(Pictures with short captions)
* * * * *

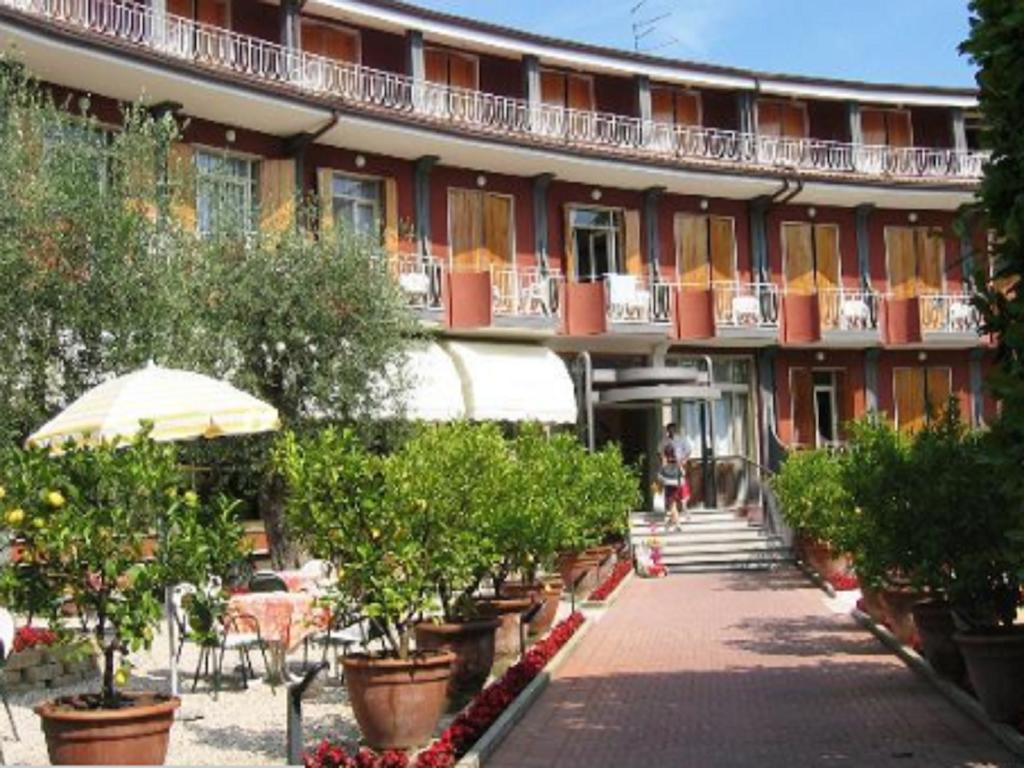 Hotel rest Hotel Continental Lake Garda Italy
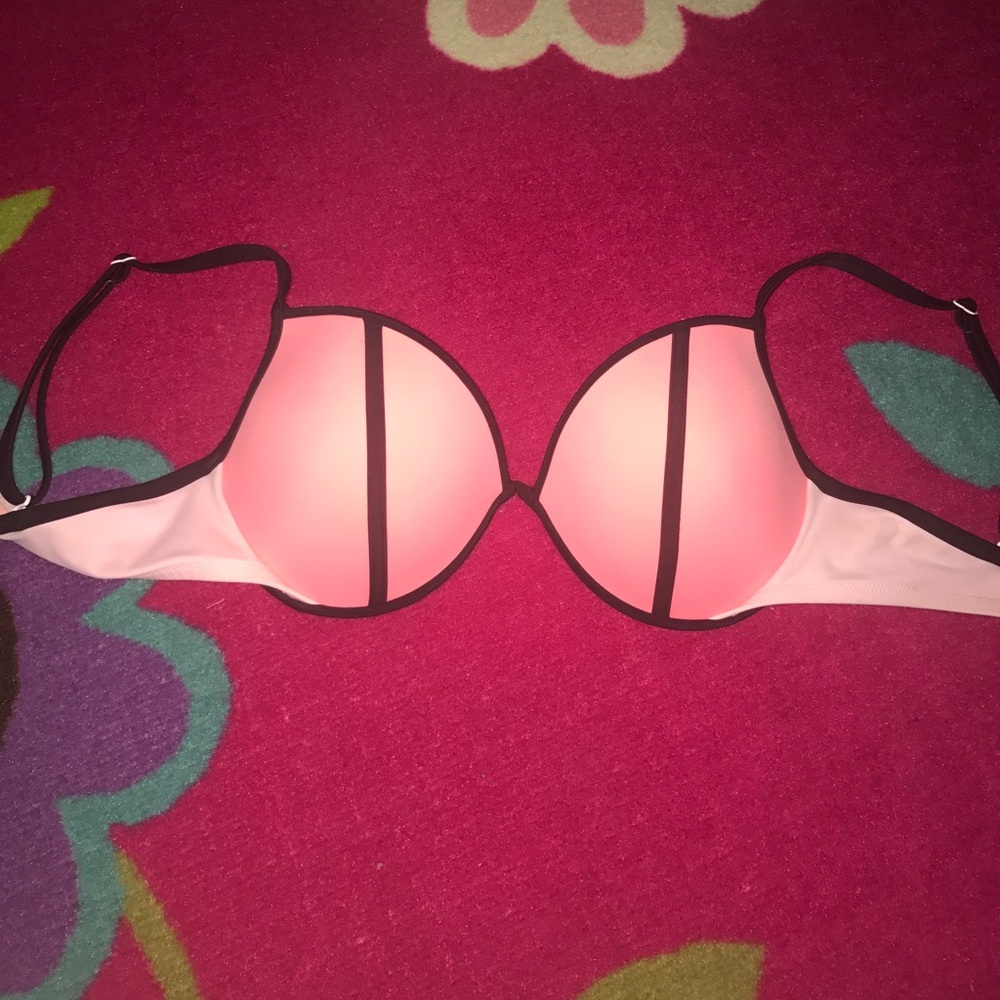Victoria's Secret 34DD bikini top
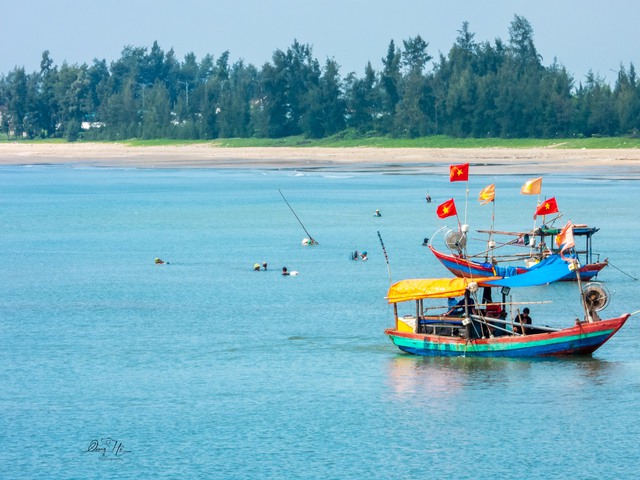 Phát hiện bãi biển ít du khách biết ở Nghệ An, người bản địa nhận xét: Nước trong xanh hơn Cửa Lò - Ảnh 4.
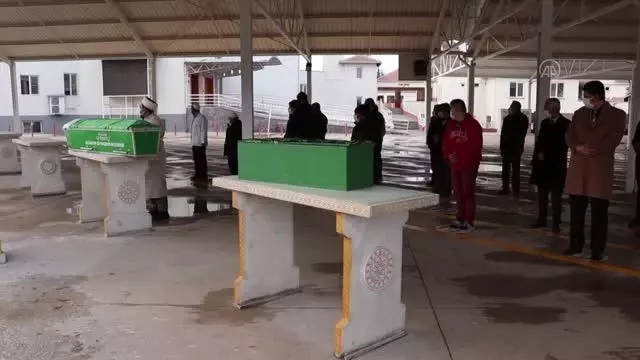 Son dakika haberleri... GAZİANTEP - Sobadan sızan gazdan zehirlenen anne ve bebeği hayatını kaybetti Son dakika haberleri... GAZİANTEP - Sobadan sızan gazdan zehirlenen anne ve bebeği hayatını kaybetti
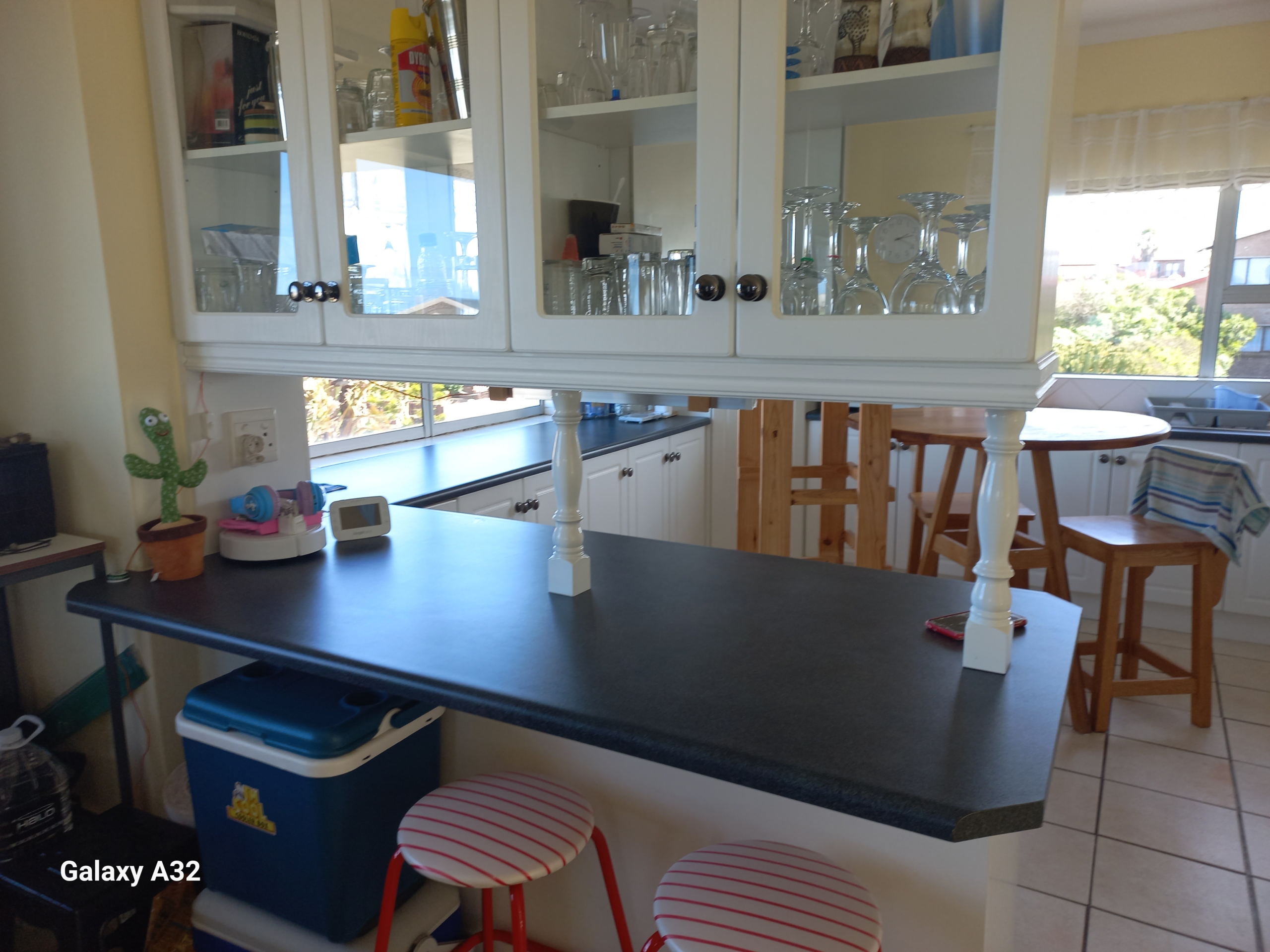 8 – 90_da9b04032daa419aaf1bf0f4d0d73dc2 Stylvolle Dubbelverdieping-kuswoning met See-uitsigte, Sonkrag & Uitstekende Sekuriteit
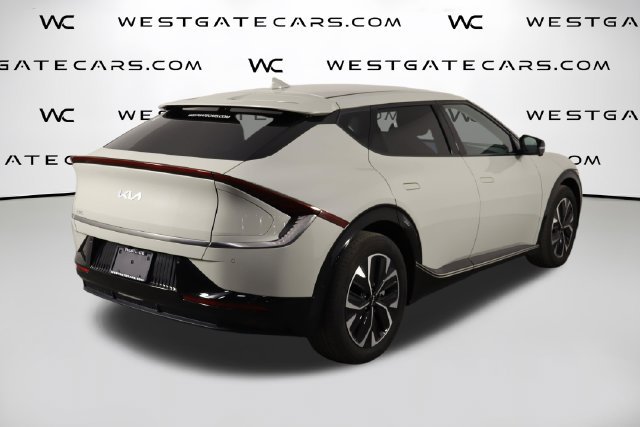 Used 2024 Kia EV6 Wind w/ Wind Technology Package RWD image 7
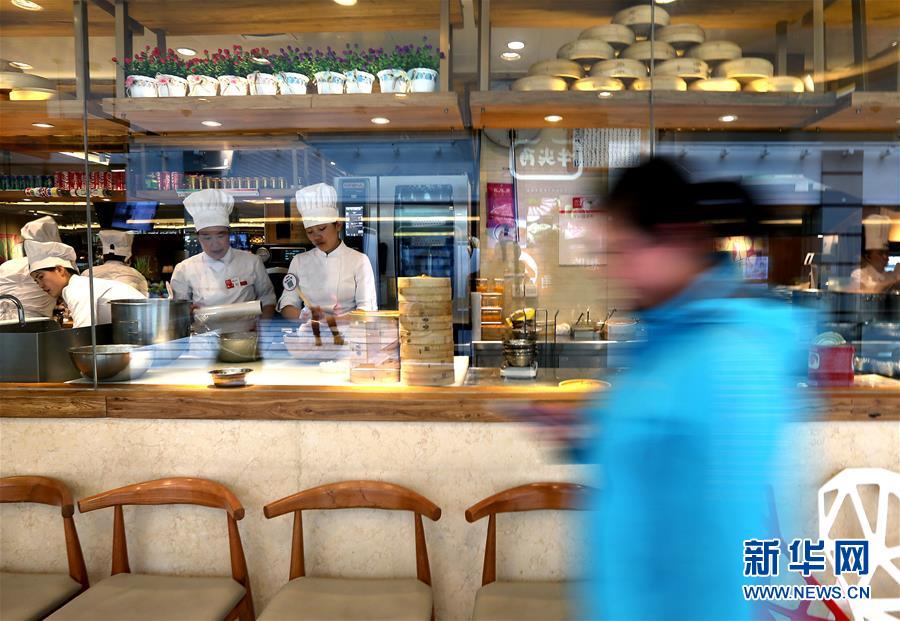 【焦点图】上海实施“明厨亮灶” 消费者可以看后厨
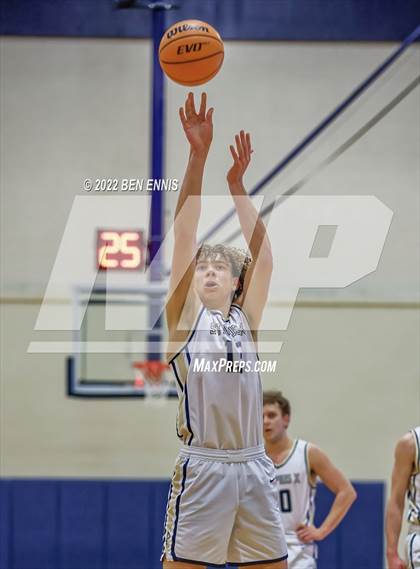 Thumbnail 2 in St. Pius X Catholic vs Lowndes (Lemon Street Classic) photogallery.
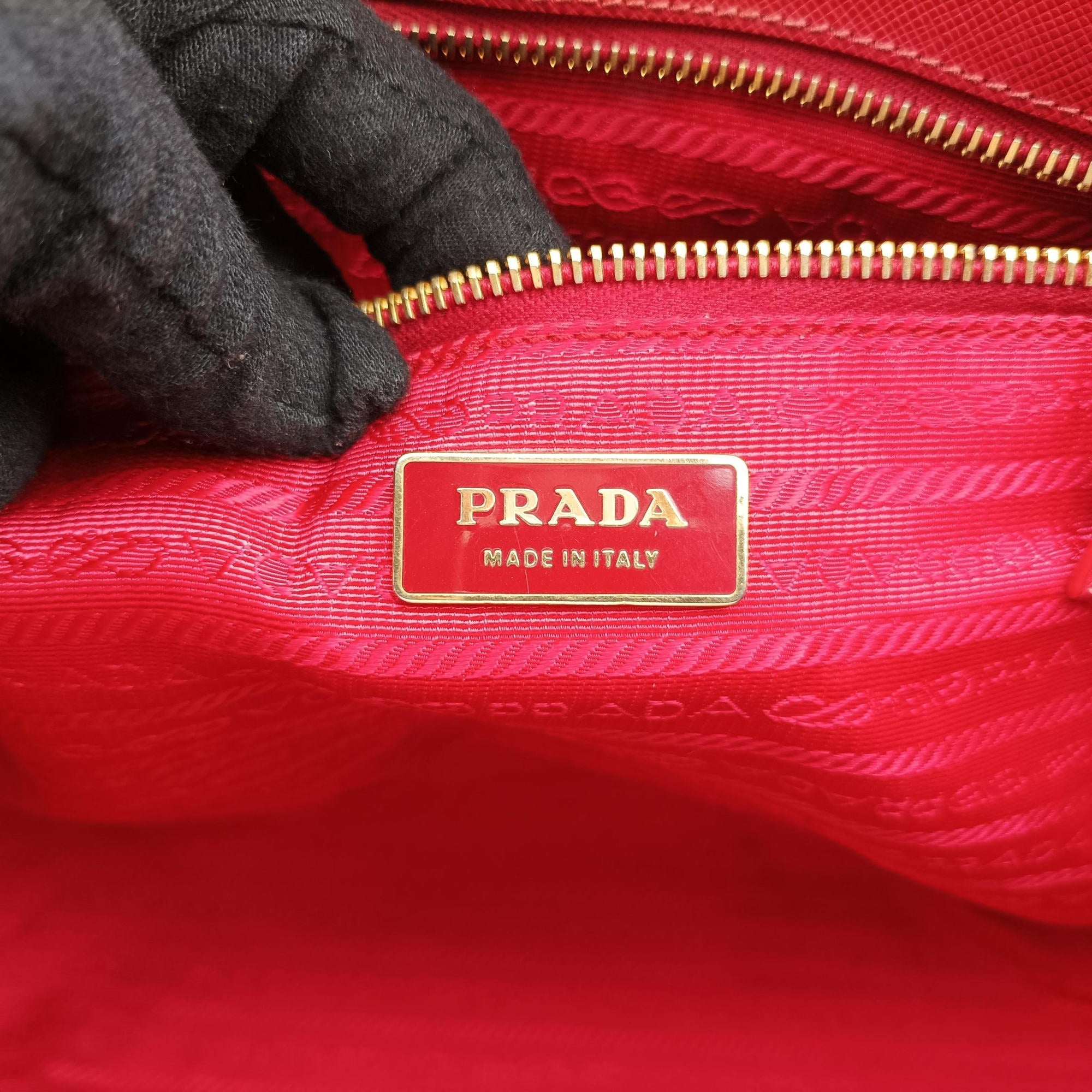 Pre-owned Prada Galleria Red SAFFIANO Leather BN1786 handbag | stylenewstar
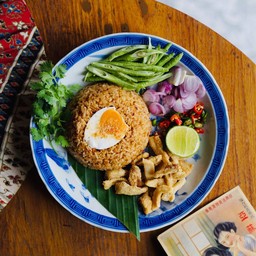 ข้าวคลุกน้ำพริกเผากากหมูไข่เค็ม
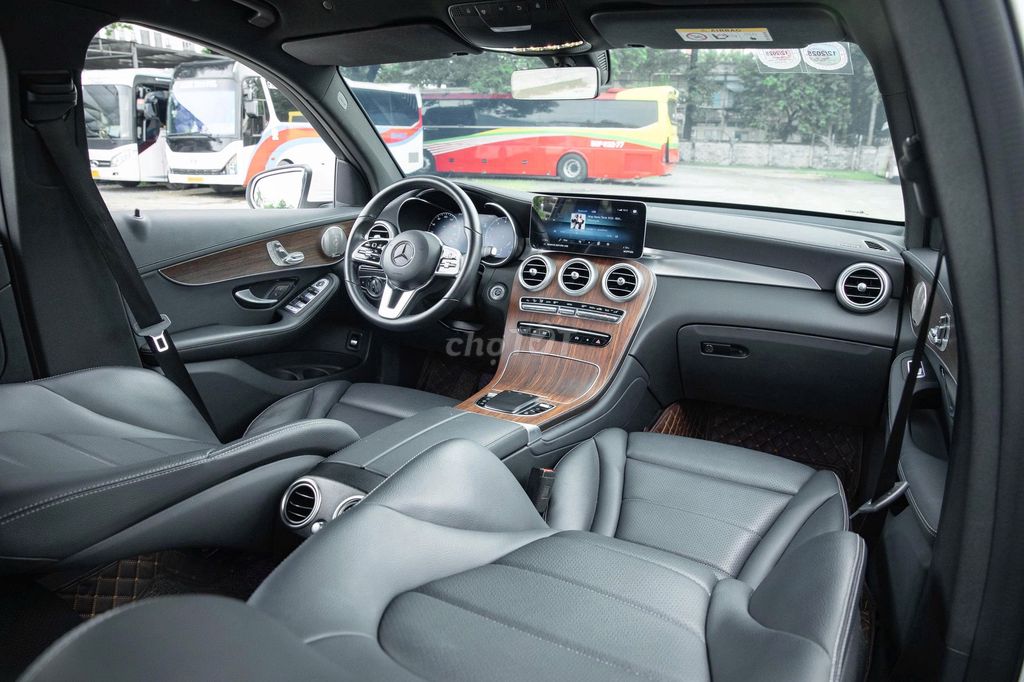 Mercedes GLC200 4Matic 2022 màu trắng 3v8km. Mua bán Ô tô tại Quận Gò Vấp Tp Hồ Chí Minh được đăng bởi Trâm Anh Xe Lướt  hình 2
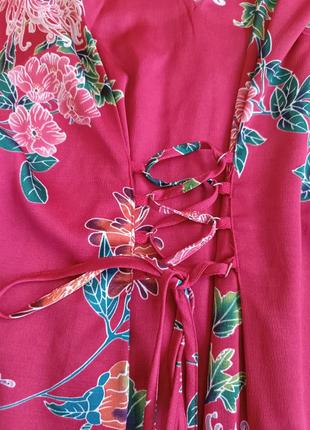 Платье в цветочный принт с завязками на талии2 фото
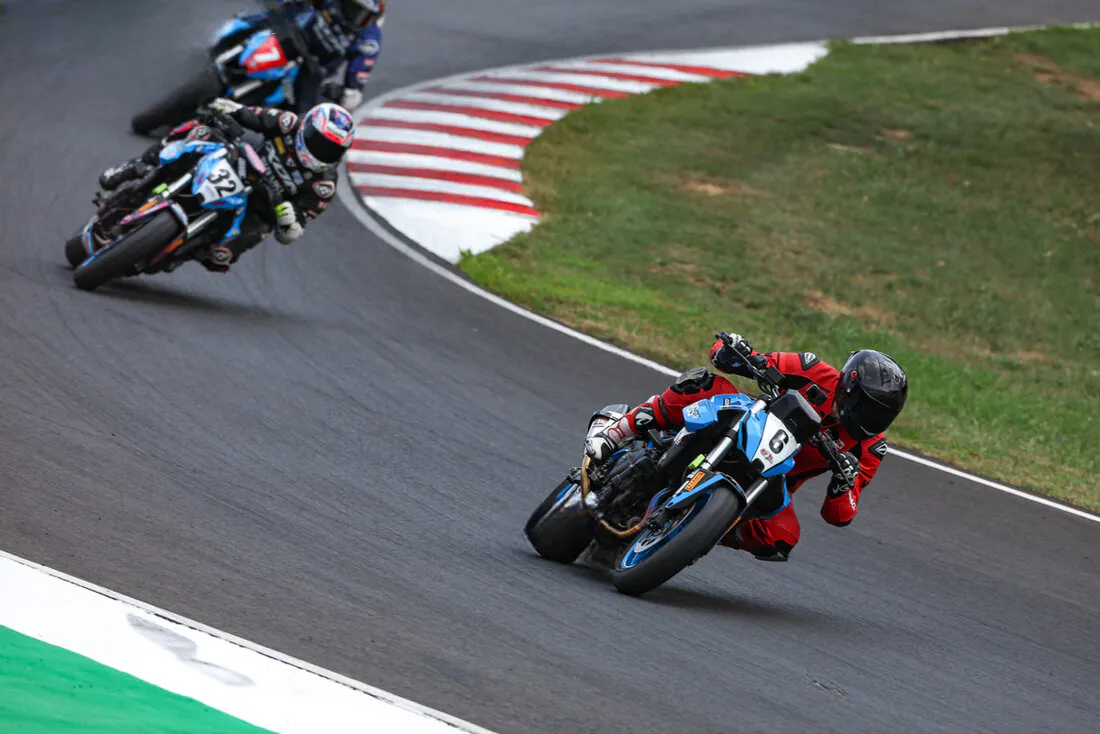 Devenir pilote de course en Suzuki GSX-8S Cup - 04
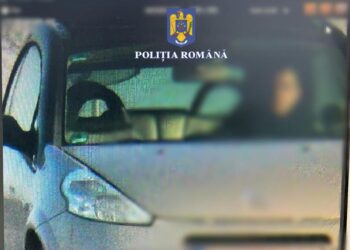 Șofer depistat în trafic, depășind limita legală, cu numere expirate, în timpul folosirii sistemului E-SIGUR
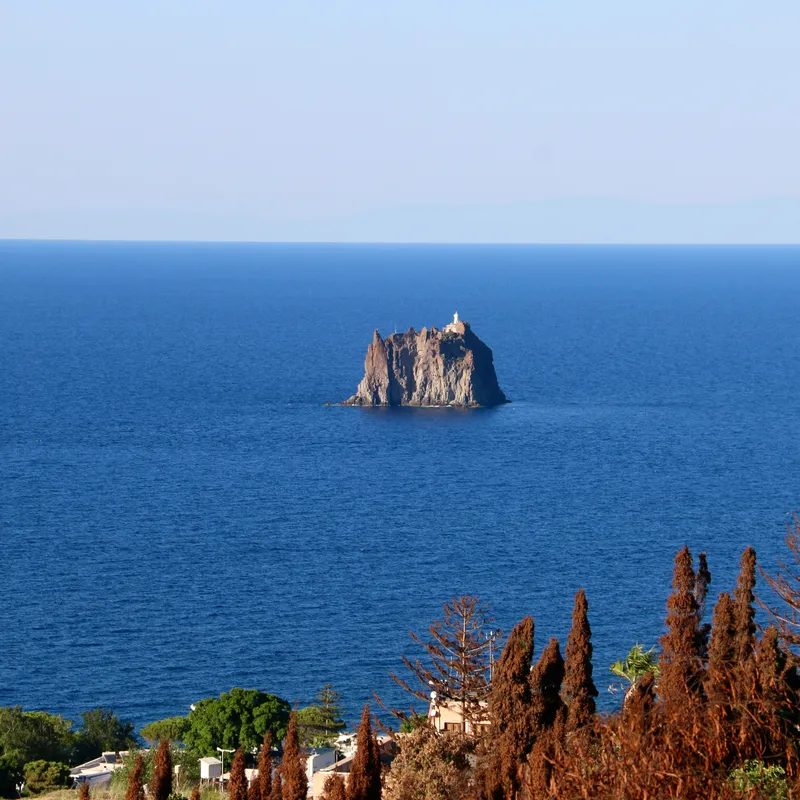 Scenic cruising stromboli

* * * * *

- _WHAT THE EXERCISE ASKS_
Could you copy exactly, and with no pictures, the lines above from the one containing "Șofer depistat în" through the last line, both included?

- _WRITTEN ANSWER_
 Șofer depistat în trafic, depășind limita legală, cu numere expirate, în timpul folosirii sistemului E-SIGUR
 Scenic cruising stromboli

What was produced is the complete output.